En el disco ‘El mal querer’, publicado en noviembre de 2018 por Sony Music, la catalana incluye Di mi nombre, título a compás de tangos inspirados en los que en su día dejó en un cofre de oro Pastora Pavón ‘Niña de los Peines’, así como Reniego, versión seguiriyera de ¿Tomás Pavón?, entre otros títulos.
Claramente sus inquietudes pueden haber nacido en el populoso flamenco de una Cataluña andaluzada y que, al escuchar a los grandes clásicos como algunos de los mencionados, se le ponga la piel de gallina, como si hubiera nacido en la calle Nueva jerezana. Que en su día cantase, a su estilo, unas bulerías, también.

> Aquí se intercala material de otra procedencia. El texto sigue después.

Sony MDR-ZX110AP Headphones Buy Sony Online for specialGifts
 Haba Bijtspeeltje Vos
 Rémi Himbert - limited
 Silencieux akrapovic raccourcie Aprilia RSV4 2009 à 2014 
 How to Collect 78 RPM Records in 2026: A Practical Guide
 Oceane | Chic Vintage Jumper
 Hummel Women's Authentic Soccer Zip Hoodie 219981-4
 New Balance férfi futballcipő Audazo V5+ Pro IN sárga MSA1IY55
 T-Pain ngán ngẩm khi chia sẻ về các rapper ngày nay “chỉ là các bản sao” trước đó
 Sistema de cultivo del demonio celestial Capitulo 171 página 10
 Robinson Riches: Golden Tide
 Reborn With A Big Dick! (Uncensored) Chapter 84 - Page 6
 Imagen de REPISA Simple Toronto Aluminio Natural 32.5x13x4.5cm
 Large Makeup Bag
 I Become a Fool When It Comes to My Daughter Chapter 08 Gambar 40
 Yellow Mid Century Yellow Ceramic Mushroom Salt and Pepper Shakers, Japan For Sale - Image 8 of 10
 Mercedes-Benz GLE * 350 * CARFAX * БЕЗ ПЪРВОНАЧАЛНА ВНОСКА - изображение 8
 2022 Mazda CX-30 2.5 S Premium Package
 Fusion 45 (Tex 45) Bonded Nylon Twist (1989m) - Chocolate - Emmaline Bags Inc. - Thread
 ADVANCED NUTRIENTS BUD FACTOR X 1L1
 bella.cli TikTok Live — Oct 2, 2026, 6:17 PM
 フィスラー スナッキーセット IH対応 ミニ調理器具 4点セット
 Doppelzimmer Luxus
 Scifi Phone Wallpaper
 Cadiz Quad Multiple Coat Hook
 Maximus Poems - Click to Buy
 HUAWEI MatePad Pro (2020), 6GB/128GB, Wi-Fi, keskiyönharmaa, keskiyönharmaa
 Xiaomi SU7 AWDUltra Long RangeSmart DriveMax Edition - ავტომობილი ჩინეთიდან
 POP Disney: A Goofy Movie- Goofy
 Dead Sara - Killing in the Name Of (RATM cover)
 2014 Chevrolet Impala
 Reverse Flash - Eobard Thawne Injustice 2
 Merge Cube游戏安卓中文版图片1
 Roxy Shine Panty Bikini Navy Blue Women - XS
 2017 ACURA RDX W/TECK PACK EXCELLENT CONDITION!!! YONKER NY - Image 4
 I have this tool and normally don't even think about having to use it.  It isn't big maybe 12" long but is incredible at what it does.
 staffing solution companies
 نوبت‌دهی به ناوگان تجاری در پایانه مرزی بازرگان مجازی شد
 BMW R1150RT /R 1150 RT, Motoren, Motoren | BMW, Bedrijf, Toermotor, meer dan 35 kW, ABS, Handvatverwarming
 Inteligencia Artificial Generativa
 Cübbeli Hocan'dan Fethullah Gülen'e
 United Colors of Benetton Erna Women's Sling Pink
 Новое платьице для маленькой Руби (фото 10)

Pero que en estos momentos en los que su música ha traspasado fronteras y que su nombre es ya un producto cotizadísimo para cualquier medio de comunicación, casa discográfica o como marca publicitaria, se siga hablando de su peso en el flamenco es ridículo.
Rosalía en su momento se dejó seducir por el flamenco, ese underground y bohemio que tanto gusta, ese alejado de la peña flamenca del pueblo en el que canta el vecino con dos copas de vino. No es, por tanto, una flamenca como "modo de vida". Y si un día lo fue, ya no lo es. ¿Y ella quiere serlo? Tampoco lo creo. Es una estrella de la música en la actualidad, de lo contrario no habría metido a más de quince mil personas en el estadio de la Cartuja de Sevilla hace unas semanas mientras la Peña Torres Macarena de la capital andaluza lucha por sobrevivir. Lo que no tiene sentido y llega hasta a ofender es que el director de la Bienal de Sevilla reconozca en una entrevista, y como recoge Manolo Bohórquez en un artículo publicado, ofrezca la clausura del certamen a Rosalía.